The trial, which was funded by Janssen and published April 14 by the New England Journal of Medicine, looked at the effect of canagliflozin therapy on cardiorenal outcomes in patients with diabetes-related chronic kidney disease (CKD). CREDENCE included 4,401 patients with type 2 diabetes, an estimated glomerular filtration rate (GFR) of 30 to below 90 mL/min/1.73 m2, and albuminuria who were treated with renin-angiotensin system blockade and randomized to 100 mg of canagliflozin or placebo daily.
The group taking canagliflozin, an oral sodium-glucose cotransporter-2 (SGLT2) inhibitor, had a 30% lower relative risk for the study's primary outcome, a composite of end-stage kidney disease, doubling of serum creatinine level, or death from renal or cardiovascular (CV) causes. Relative risk for the composite renal outcome (end-stage kidney disease, doubling of creatinine level, or death from renal causes) was 34% lower in the canagliflozin group, and relative risk for end-stage kidney disease was 32% lower. Rates of amputation and fracture were similar in both groups, but those in the canagliflozin group had a higher risk for diabetic ketoacidosis. The CREDENCE trial was stopped early after a planned interim analysis.
On June 3, the ADA updated Section 10, Cardiovascular Disease and Risk Management, and Section 11, Microvascular Complications and Foot Care, in the 2019 Standards of Medical Care in Diabetes. (Of note, the American College of Cardiology endorses Section 10 and also reviewed and approved the Section 10 updates.)
Based on the results of CREDENCE, the evidence ratings for use of an SGLT2 inhibitor versus a glucagon-like peptide-1 (GLP-1) receptor agonist have been differentiated. A Grade A recommendation now states that clinicians should consider using a SGLT2 inhibitor in patients with an estimated GFR of 30 mL/min/1.73 m2 or greater, particularly those with albuminuria above 300 mg/g, to reduce risk for CV disease progression, CV events, or both. In patients with CKD who are at increased risk for CV events, the ADA noted that use of a GLP-1 receptor agonist may reduce risk for progression of albuminuria, CV events, or both. This is a Grade C recommendation.
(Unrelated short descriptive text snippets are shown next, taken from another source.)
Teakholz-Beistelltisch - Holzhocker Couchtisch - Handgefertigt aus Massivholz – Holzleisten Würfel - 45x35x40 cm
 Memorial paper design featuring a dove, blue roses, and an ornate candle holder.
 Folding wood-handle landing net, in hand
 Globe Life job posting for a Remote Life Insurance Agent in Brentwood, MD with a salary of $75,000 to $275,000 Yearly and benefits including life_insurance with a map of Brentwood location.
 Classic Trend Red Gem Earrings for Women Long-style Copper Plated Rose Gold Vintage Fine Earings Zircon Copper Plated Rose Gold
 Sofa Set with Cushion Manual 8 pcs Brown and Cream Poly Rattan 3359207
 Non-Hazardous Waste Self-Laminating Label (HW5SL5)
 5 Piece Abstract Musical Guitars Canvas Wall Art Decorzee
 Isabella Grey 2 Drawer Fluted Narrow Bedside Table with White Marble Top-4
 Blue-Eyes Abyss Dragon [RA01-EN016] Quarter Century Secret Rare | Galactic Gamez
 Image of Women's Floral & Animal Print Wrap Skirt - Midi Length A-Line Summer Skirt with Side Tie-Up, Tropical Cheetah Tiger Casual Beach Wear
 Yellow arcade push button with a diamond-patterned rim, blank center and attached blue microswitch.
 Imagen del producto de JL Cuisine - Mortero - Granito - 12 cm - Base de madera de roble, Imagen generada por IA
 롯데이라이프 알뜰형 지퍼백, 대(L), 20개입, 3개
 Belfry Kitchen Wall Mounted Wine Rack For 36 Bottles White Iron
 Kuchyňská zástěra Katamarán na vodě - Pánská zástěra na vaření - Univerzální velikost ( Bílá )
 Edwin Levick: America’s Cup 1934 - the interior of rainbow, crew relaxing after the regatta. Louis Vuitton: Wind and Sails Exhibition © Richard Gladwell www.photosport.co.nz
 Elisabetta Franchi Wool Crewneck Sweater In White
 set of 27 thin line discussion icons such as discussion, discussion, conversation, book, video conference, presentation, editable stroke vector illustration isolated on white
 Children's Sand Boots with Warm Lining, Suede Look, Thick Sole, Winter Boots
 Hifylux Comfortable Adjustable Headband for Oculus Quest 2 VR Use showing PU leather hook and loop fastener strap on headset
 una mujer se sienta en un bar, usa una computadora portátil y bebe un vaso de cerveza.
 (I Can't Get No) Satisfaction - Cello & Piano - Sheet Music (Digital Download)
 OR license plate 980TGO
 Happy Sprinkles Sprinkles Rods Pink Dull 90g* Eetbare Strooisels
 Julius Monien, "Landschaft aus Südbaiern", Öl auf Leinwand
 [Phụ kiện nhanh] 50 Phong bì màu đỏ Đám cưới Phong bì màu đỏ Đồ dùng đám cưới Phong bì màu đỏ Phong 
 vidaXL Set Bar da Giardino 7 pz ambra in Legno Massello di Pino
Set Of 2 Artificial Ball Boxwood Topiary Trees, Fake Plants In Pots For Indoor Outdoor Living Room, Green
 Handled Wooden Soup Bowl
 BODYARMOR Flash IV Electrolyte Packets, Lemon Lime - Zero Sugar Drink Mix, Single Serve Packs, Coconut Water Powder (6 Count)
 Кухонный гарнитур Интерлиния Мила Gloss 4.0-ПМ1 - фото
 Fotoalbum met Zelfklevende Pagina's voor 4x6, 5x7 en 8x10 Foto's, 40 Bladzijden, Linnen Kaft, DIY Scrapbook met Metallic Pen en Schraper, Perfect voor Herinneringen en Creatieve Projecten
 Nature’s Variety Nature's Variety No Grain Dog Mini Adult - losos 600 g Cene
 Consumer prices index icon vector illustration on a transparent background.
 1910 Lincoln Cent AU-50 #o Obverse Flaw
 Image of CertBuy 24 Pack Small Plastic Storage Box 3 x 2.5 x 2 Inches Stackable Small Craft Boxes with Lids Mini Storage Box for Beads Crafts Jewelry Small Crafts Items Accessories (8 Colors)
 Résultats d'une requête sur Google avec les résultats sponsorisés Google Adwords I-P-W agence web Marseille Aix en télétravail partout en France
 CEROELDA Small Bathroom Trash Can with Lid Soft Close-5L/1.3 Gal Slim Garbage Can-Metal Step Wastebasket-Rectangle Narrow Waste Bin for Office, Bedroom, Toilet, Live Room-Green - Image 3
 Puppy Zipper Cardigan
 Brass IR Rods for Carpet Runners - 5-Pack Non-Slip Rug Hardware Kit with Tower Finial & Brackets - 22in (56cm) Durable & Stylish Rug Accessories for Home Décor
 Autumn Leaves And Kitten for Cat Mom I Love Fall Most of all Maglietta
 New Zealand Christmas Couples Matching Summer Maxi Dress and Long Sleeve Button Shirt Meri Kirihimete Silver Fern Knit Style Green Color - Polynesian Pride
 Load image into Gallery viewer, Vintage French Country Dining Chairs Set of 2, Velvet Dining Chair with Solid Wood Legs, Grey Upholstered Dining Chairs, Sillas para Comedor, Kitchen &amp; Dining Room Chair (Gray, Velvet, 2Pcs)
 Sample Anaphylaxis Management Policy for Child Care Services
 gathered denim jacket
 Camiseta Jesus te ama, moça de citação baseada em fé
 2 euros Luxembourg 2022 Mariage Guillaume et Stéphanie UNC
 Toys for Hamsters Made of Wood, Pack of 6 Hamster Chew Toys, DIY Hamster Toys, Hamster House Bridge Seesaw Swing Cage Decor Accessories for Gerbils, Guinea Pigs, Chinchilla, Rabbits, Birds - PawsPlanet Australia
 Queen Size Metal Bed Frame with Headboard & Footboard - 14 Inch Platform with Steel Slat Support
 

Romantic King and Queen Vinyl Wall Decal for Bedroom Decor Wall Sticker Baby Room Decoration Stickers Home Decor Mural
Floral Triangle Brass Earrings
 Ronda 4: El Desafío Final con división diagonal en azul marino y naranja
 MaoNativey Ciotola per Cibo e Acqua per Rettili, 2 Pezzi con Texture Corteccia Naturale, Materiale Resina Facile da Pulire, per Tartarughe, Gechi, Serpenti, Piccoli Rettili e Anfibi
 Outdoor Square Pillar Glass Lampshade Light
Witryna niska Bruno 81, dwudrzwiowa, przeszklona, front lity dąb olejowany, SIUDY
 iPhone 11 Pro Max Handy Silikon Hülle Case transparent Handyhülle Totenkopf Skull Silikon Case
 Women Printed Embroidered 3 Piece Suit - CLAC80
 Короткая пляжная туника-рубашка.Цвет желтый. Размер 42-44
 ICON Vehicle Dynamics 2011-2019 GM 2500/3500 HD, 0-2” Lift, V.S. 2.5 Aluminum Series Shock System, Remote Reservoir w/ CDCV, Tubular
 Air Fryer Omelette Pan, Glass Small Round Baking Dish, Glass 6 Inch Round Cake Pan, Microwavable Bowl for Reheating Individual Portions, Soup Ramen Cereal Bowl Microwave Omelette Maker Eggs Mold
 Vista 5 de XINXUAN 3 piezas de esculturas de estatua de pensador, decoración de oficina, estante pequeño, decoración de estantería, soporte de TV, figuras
The ADA recommends that urinary albumin and estimated GFR be assessed at least once yearly in all patients with type 2 diabetes, regardless of treatment, as well as in patients with type 1 diabetes of at least five years' duration and all patients with comorbid hypertension. This is a Grade B recommendation. The ADA no longer recommends continued monitoring of urinary albumin-creatinine ratio to assess response to treatment or progression of CKD in patients with albuminuria who are being treated with an angiotensin-converting enzyme inhibitor or an angiotensin receptor blocker.
The updated 2019 Standards of Medical Care in Patients with Diabetes are available on the Diabetes Care website.